La rencontre était le point d’orgue de trois jours de visite au cours desquels Sullivan a rencontré Wang Yi, le ministre des Affaires étrangères et – fait inhabituel pour une délégation civile, même en charge des questions de sécurité-défense –, le Général Zhang Youxia (74 ans) premier militaire du pays, nº2 de la Commission Militaire Centrale et, avec He Weidong (67 ans), l’un des deux officiers généraux membres du Bureau Politique.

Le choix d’avoir organisé une rencontre entre un homme politique américain et un militaire chinois de ce niveau revêt une importance symbolique. Xi Jinping y attache du prix avec l’intention probable de tourner la page de la séquence offensante de l’automne 2023 quand le ministre de la Défense lui-même Li Shangfu, d’abord disparu, fut destitué pour corruption.

Les états de service de Zhang sont d’un autre calibre. Il est en effet l’un des militaires chinois ayant eu, dans sa jeunesse, deux fois l’expérience du feu au combat contre le Vietnam en 1979 et en 1984, d’abord comme Commandant de compagnie à 29 ans, puis Commandant de régiment à 34 ans.

Son histoire familiale résonne aussi avec celle de Xi Jinping en phase avec la mémoire héroïque du régime. En mars 1947, pendant la guerre civile, après la défaite du Japon, le père de Zhang Youxia, le général Zhang Zongxun alors âgé de 38 ans avait été le Commandant opérationnel d’une des unités de l’APL dont Xi Zhongxun, le père du Président Xi, était le Commissaire politique.

Ensemble – et la portée allégorique de l’épisode n’en confère que plus de prix au geste de Xi Jinping - les deux avaient mené la bataille pour la reconquête de la base communiste de Yan’an contre les unités de Tchang Kai-chek.
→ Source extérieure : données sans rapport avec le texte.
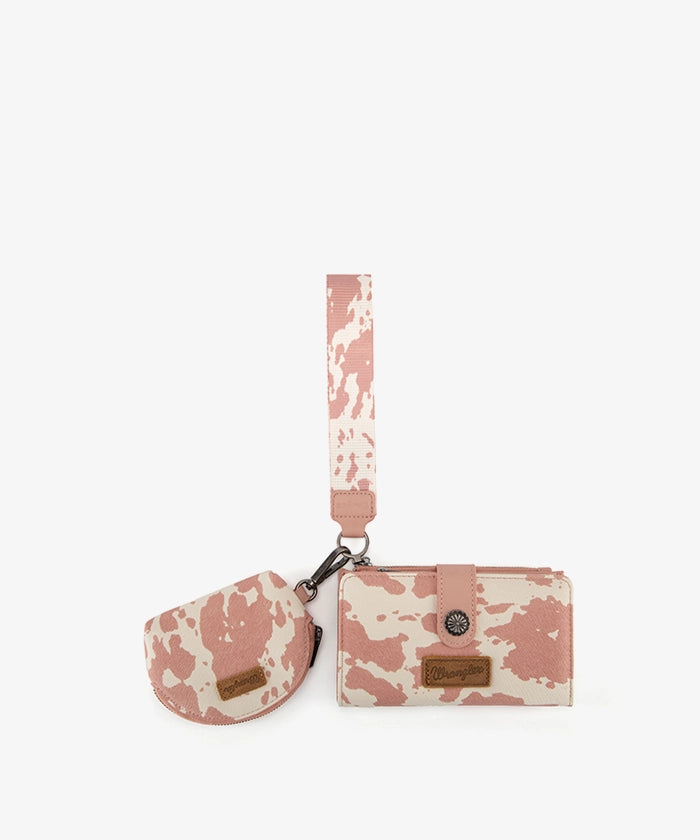 Wrangler cow-print dual pouch wristlet in DPK
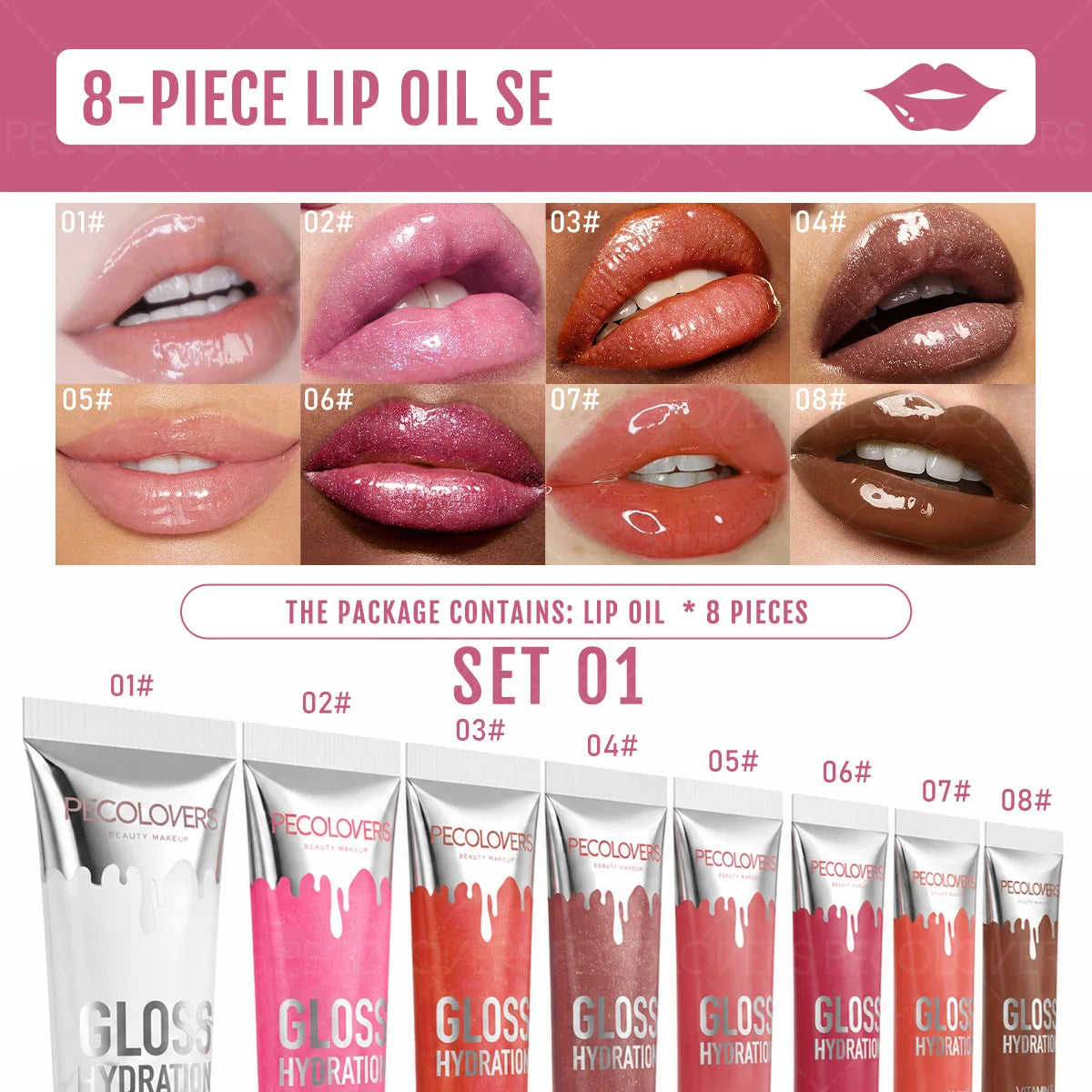 8-Piece Moisturizing Lip Oil Kit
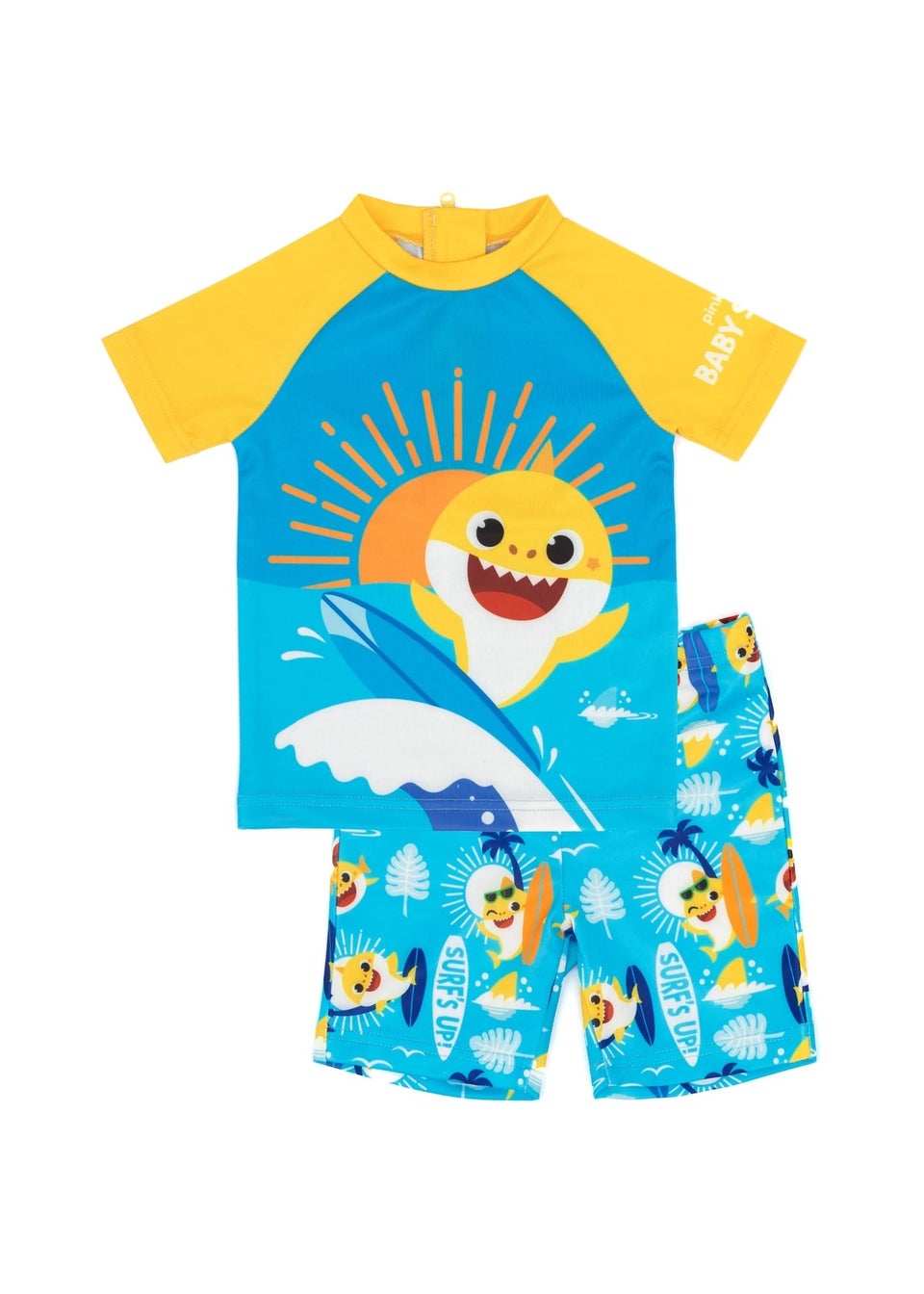 Baby Shark Boys Blue Surfs Up Two Piece Swimsuit 1 6yrs Matalan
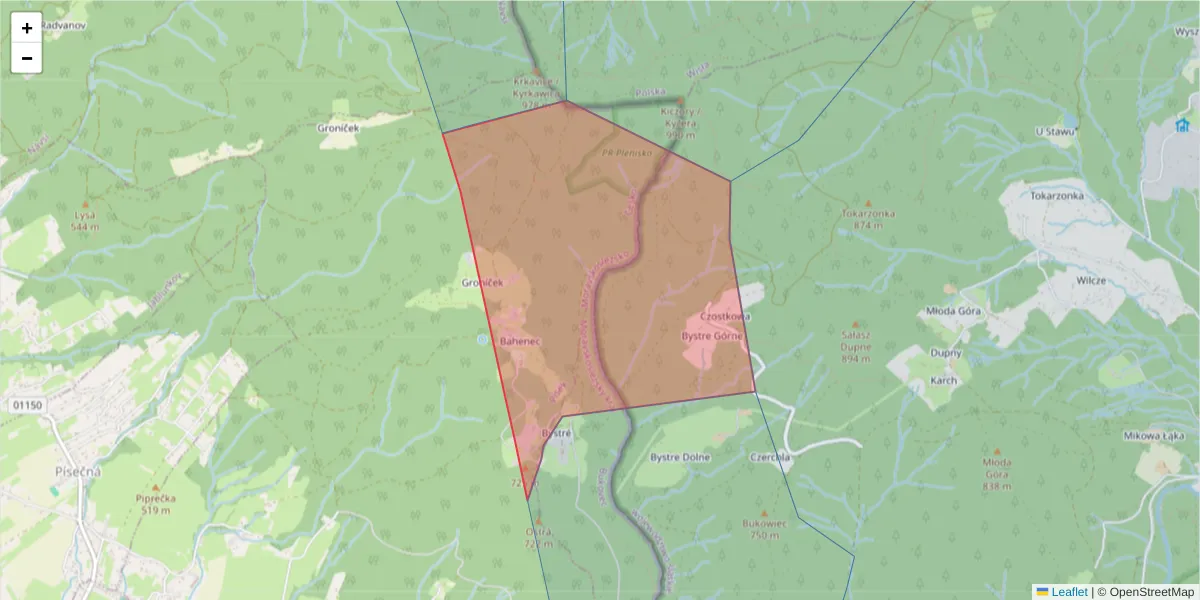 Szczegółowa mapa kodu pocztowego 73984 z granicami, sąsiednimi kodami pocztowymi i urzędami pocztowymi
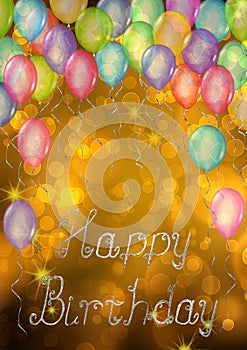 Happy Birthday background. Watercolor hand drawn template for greeting cards with balloons and lettering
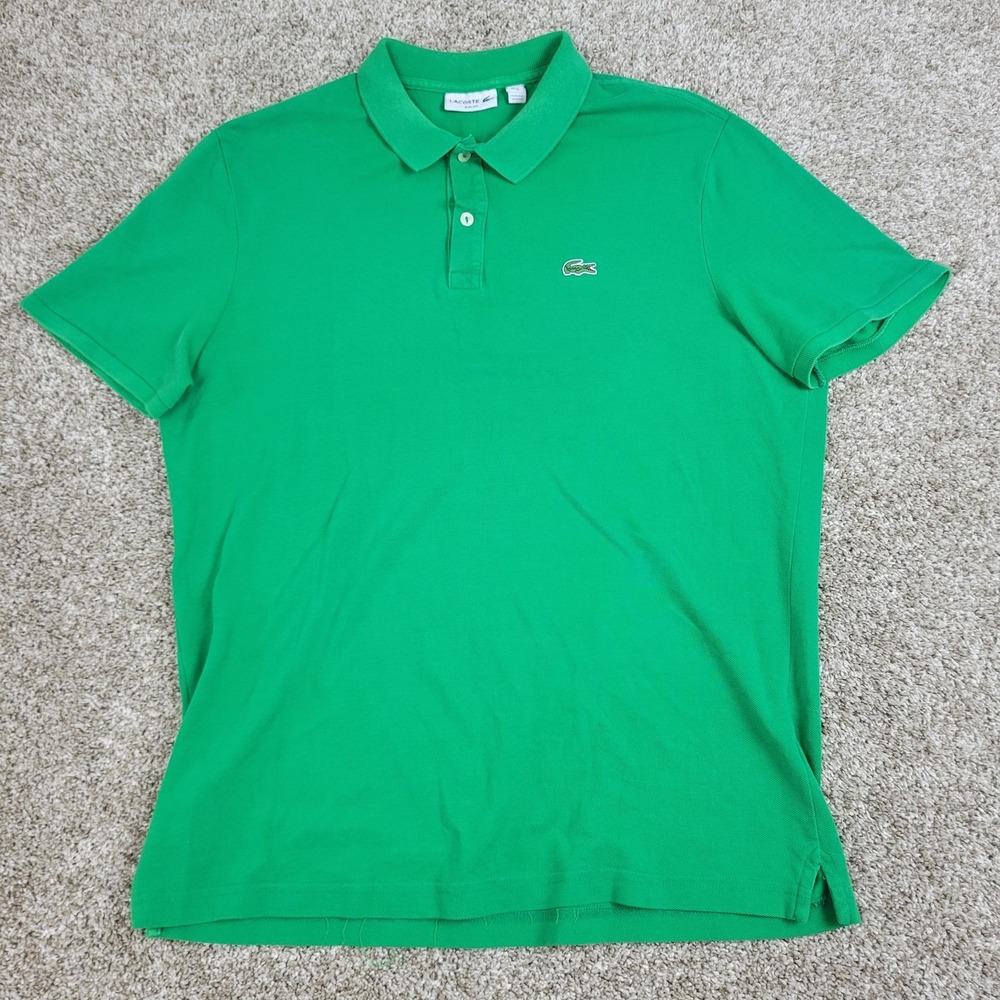 Lacoste Slim Fit Mens XL Solid Green Stretch Knit Polo Short Sleeve Logo - Picture 2 of 6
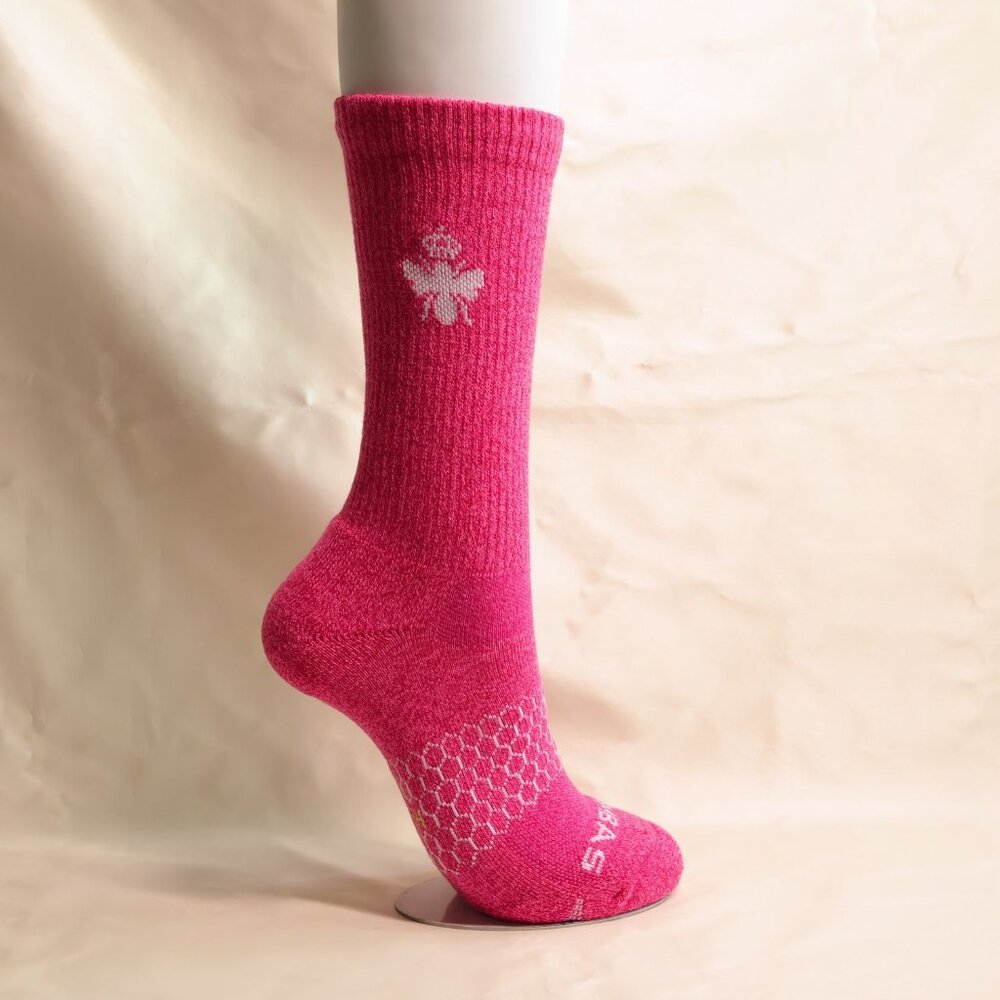 Bombas Calf Socks Size L Comfortable Pink Knit
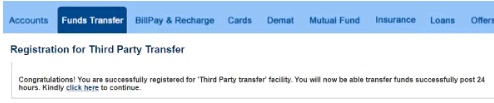 hdfc net banking registration for third party transfer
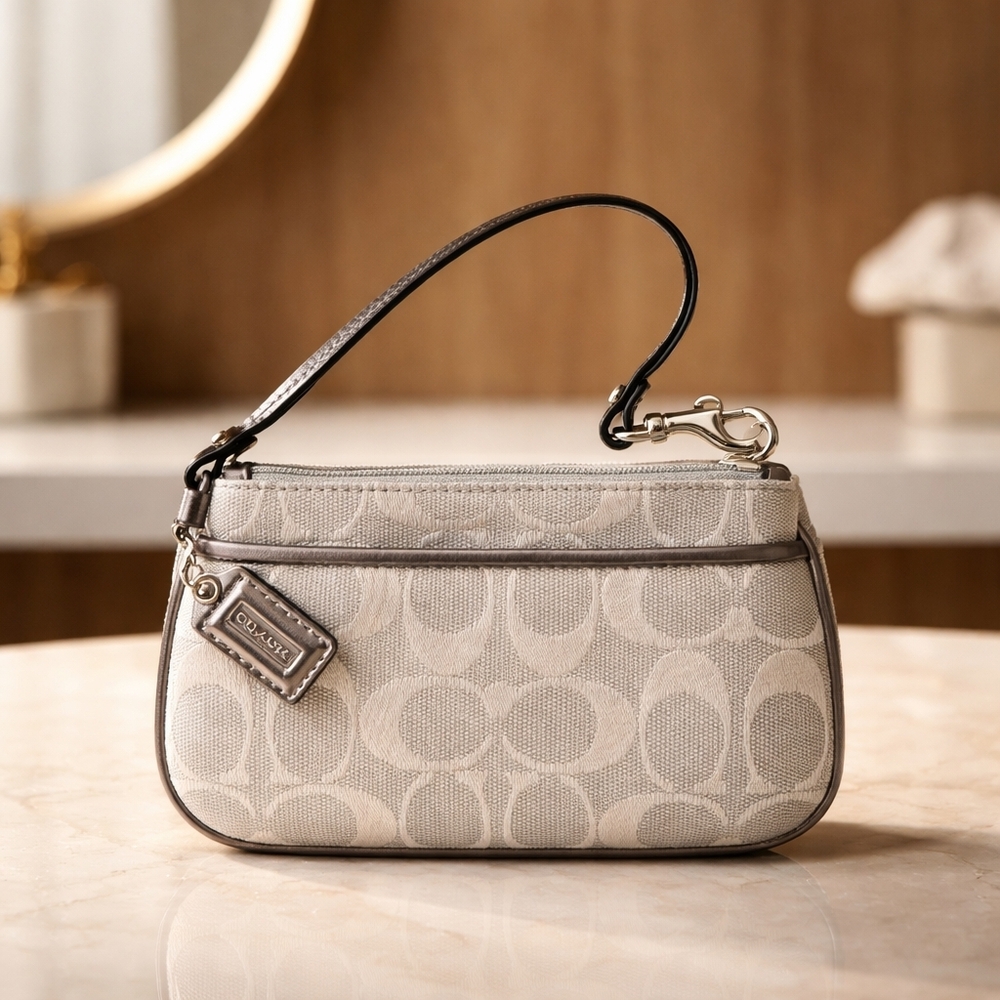Coach Signature Beige Wristlet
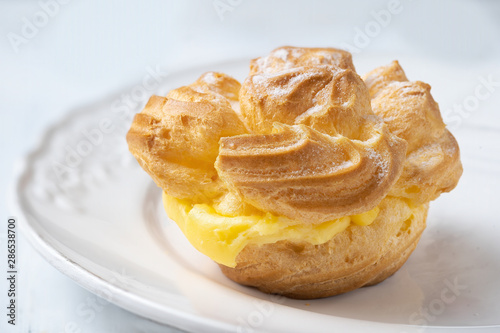 golden french custard cream puff pastry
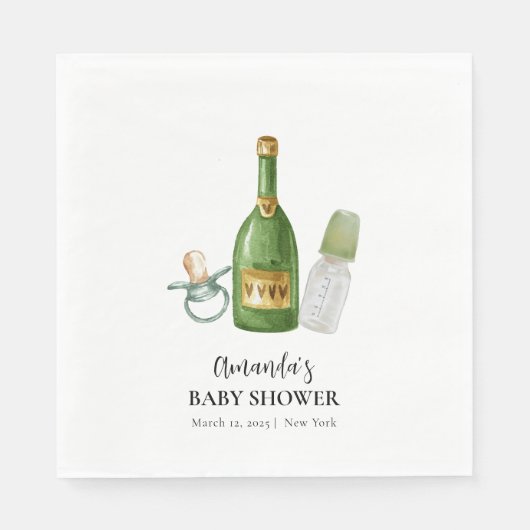 Serviette En Papier Baby shower minimal vert Poppin Champagne bouteill (Devant)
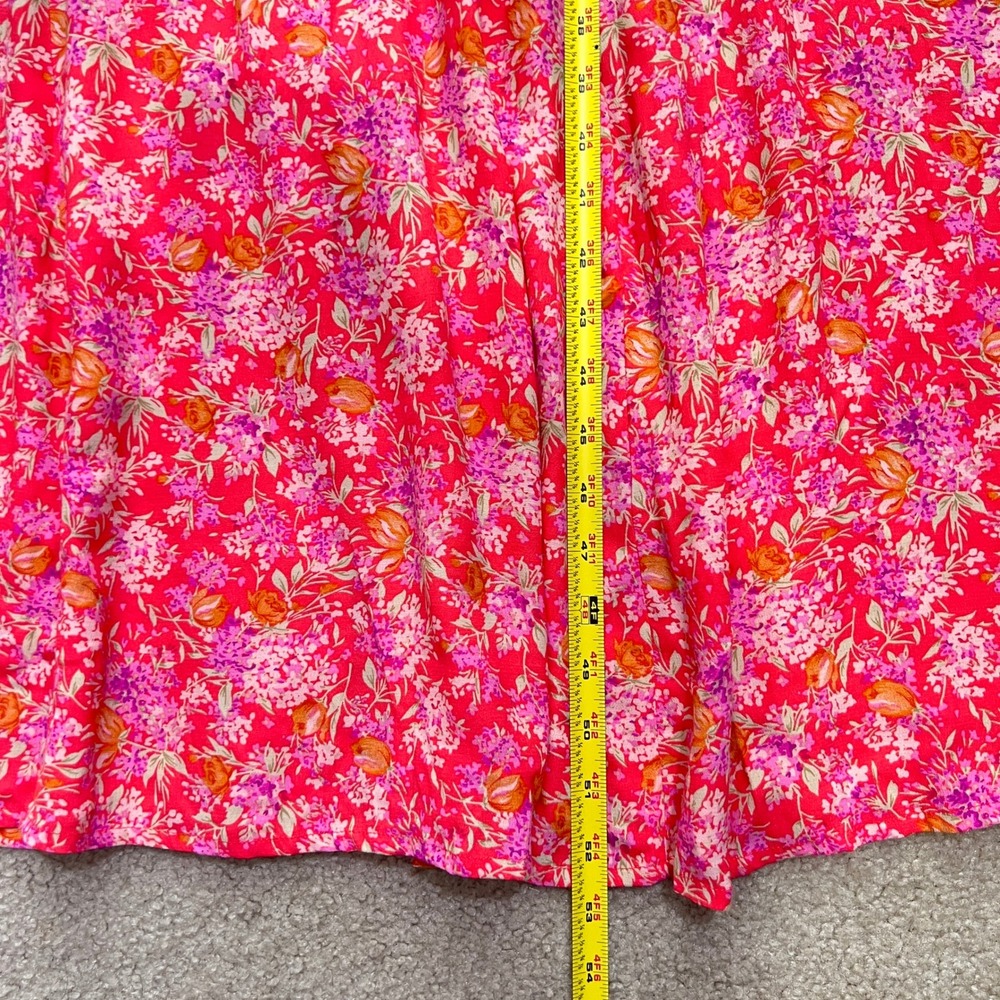 Vtg. Dressbarn Floral Print Button Front Midi Dress Women‎ 10 Pink Short Sleeve - Picture 7 of 10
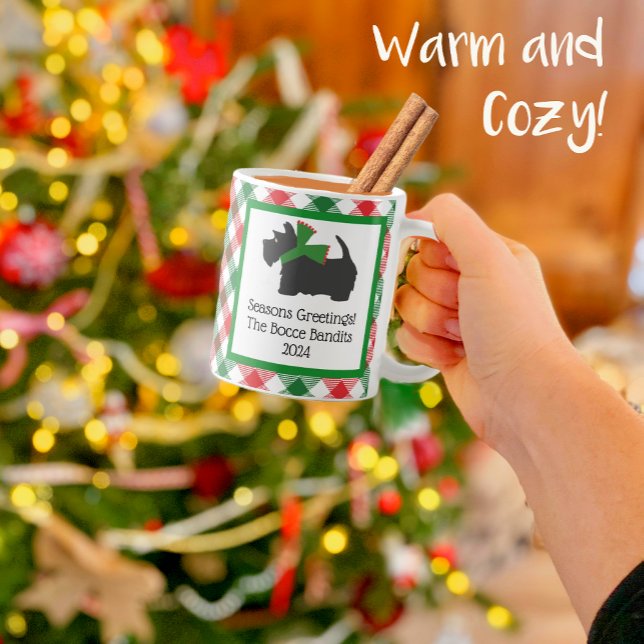 Caneca De Café Natal de Cachorro Negro Personalizado (Criador carregado)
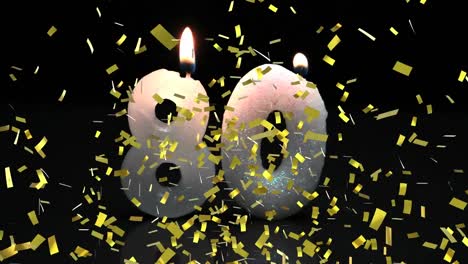 Animation-of-gold-confetti-falling-over-lit-80-birthday-candles,-blown-out,-on-black-background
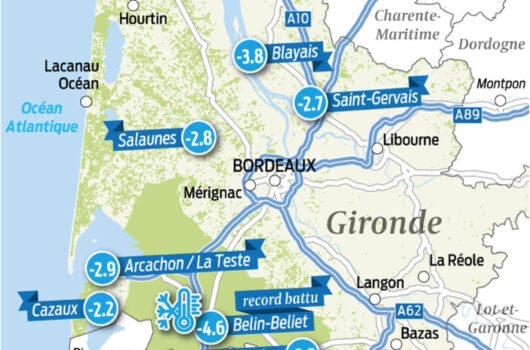 map of gironde showing low temperatures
Dès lors, il apparait que l’organisation même de la visite de Jack Sullivan avait d’abord pour but d’enjamber les récentes effervescences de la relation arrivées au bord d’une déflagration lors de la visite de Nancy Pelosi à Taïwan, début août 2022 (lire : La 4e crise de Taïwan. Quels risques d’escalade ?), et, sept mois plus tard, le 4 février 2023, quand, insupportable perte de face pour le régime, un chasseur F-22 « Raptor » avait abattu un « ballon espion » chinois au-dessus de l’Atlantique, au large de la Caroline du sud, alors qu’il se trouvait à 20 000 m au-dessus des eaux territoriales américaines.

Séduction chinoise et modération américaine.

Pour comprendre l’importance de l’actuelle visite de Jack Sullivan, il est essentiel de garder en mémoire que la séquence de la destruction du « ballon espion » qui avait d’autant plus heurté l’orgueil de l’appareil qu’elle fut brutale, spectaculaire et publique (lire : Le psychodrame de la chasse aux ballons espions chinois), avait conduit à l’annulation d’une visite programmée à Pékin du Secrétaire d’État Antony Blinken.

Du point de vue de Pékin, le recours à une personnalité comme Zhang Youxia, première implication depuis 2018 à ce niveau d’un haut responsable militaire ayant autant de crédit, renvoie à l’exigence d’un dialogue bilatéral entre deux « puissances », empreint de respect d’où devrait être expurgées toutes les formes de condescendance, d’ingérence ou de pressions sur la nature du régime.

En apparence, les déclarations de Jack Sullivan, de Wang Yi et de Xi Jinping étaient sur cette ligne d’une estime réciproque, sans arrière-pensée entre les deux acteurs majeurs de la géopolitique mondiale.

Selon le Waijiaobu, pour Xi Jinping, « l’engagement de la Chine en faveur d’une relation sino-américaine stable, saine et durable restait inchangée » (…) dans un contexte où il était essentiel que « chacune des parties considère le développement de l’autre non comme un défi 挑战, mais comme une opportunité 机会. »

Présentant à Xi Jinping, les intentions de Joe Biden, Sullivan a ostensiblement affirmé que Washington était sur la même ligne que Pékin « Déterminé à gérer de manière responsable la relation pour garantir que la rivalité ne vire pas au conflit ». Ajoutant même qu’il « avait hâte de renouer le dialogue avec Xi Jinping dans les semaines à venir », ce qui semblait indiquer que les deux pourraient à nouveau échanger par téléphone, comme ils l’avaient fait le 2 avril dernier.

Autre indice qu’après les emportements frénétiques de 2022-2023, les deux s’appliquent à afficher leur volonté d’apaisement, il y a quatre mois, l’appel direct d’une heure-trente entre les deux Présidents avait été immédiatement suivi les 3 et 4 avril 2024, des contacts à Honolulu entre les deux appareils de défense.

L’épisode marquait la réactivation du « Groupe de travail consultatif bilatéral sur les questions navales (Military Maritime Consultative Agreement Working Group - 军事海事协商协议工作组 -) » mis en veilleuse par Pékin en août 2022, après la visite de Nancy Pelosi à Taiwan (lire : Au-delà de la reprise des contacts militaires, la lourde rivalité sino-américaine en Asie-Pacifique).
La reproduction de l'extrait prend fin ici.